The United States, saying it has no choice, will stop paying its dues to UNESCO following the U.N. cultural agency’s vote to grant full membership to the Palestinians.
The United Nations Educational, Scientific and Cultural Organization approved the Palestinian’s bid Monday during its general assembly in Paris by a vote of 107 to 14, with the United States, Canada and Germany among those voting against the motion. Britain was among the 52 nations that abstained.
UNESCO is the first U.N. agency that the Palestinians have attempted to join since asking for full membership in the United Nations in September. It previously had observer status at the agency.
The vote activated legislation adopted nearly two decades ago under President Reagan that prohibits U.S. funding to U.N. agencies that recognize a state of Palestine before a peace deal is finalized.
U.S. State Department spokeswoman Victoria Nuland said Monday that a $60 million payment to UNESCO scheduled for November will not be delivered. The U.S. annual dues to UNESCO comprises more than 20 percent of the agency’s budget.
“Today’s vote by the member states of UNESCO to admit Palestine as a member is regrettable, premature and undermines our shared goal of a comprehensive, just and lasting peace in the Middle East,” Nuland said.
The United States will lose its vote in UNESCO if it does not pay its dues for two years.
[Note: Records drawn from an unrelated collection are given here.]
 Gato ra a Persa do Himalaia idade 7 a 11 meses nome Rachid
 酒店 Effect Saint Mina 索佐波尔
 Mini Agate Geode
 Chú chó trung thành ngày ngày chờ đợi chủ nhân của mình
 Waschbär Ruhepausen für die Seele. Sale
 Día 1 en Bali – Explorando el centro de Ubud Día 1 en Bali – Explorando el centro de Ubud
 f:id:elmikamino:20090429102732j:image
Reportedly the U.S. is concerned that the Palestinians will now request membership in other U.S. agencies in which the U.S. would lose its influence if it halts dues payments.
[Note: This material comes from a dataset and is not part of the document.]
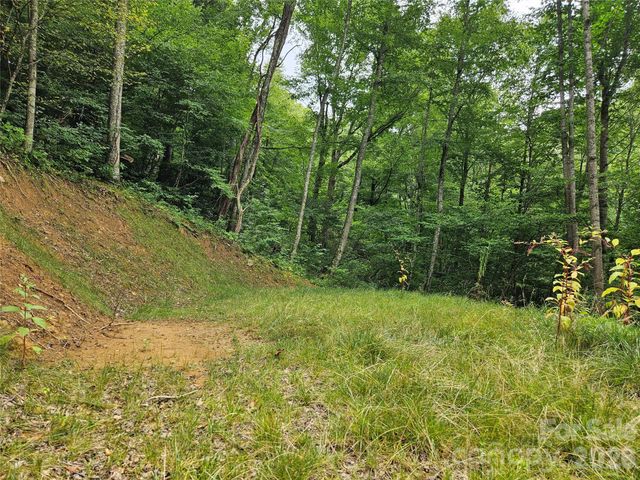 00 Wayward Cove, Clyde, NC 28721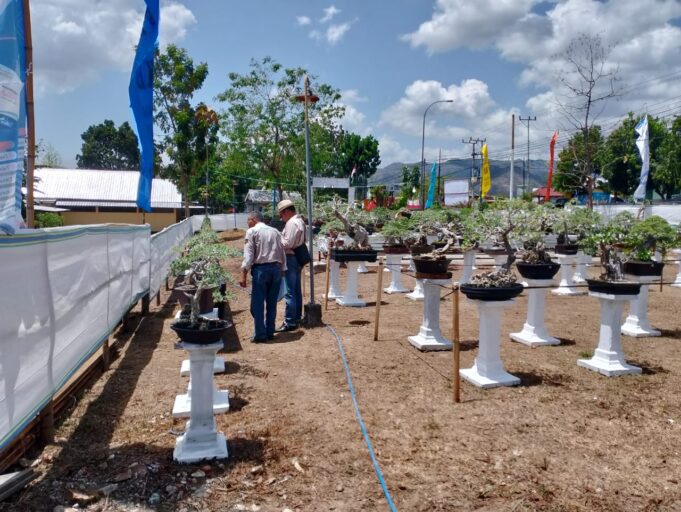 Kontes dan Pameran Bonsai se-Pulau Sumbawa Diikuti 353 Bonsai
Israel’s Foreign Ministry in a statement issued following the vote called the decision a “unilateral Palestinian maneuver which will bring no change on the ground but further removes the possibility for a peace agreement.”
“This decision will not turn the Palestinian Authority into an actual state, yet places unnecessary burdens on the route to renewing negotiations. Israel believes that the correct and only way to make progress in the diplomatic process with the Palestinians is through direct negotiations without preconditions,” the statement said. “The Palestinian move at UNESCO, as with similar such steps with other U.N. bodies, is tantamount to a rejection of the international community’s efforts to advance the peace process.
The statement went on to thank the countries that “displayed a sense of responsibility” by opposing the bid.
Unlike in the U.N. Security Council, where its permanent members such as the United States hold veto power over legislation, there is no veto in UNESCO. The United States had boycotted UNESCO for nearly 20 years until 2003, when it returned to the agency.
In November 2010, UNESCO adopted several proposals by Arab states classifying Jewish and Muslim holy sites. It referred to Rachel’s Tomb in Bethlehem as a mosque, in addition to using its Jewish designation of Rachel’s Tomb, and said the tomb as well as the Cave of the Patriarchs was “an integral part of the occupied Palestinian Territories.” It called both landmarks “Palestinian sites.”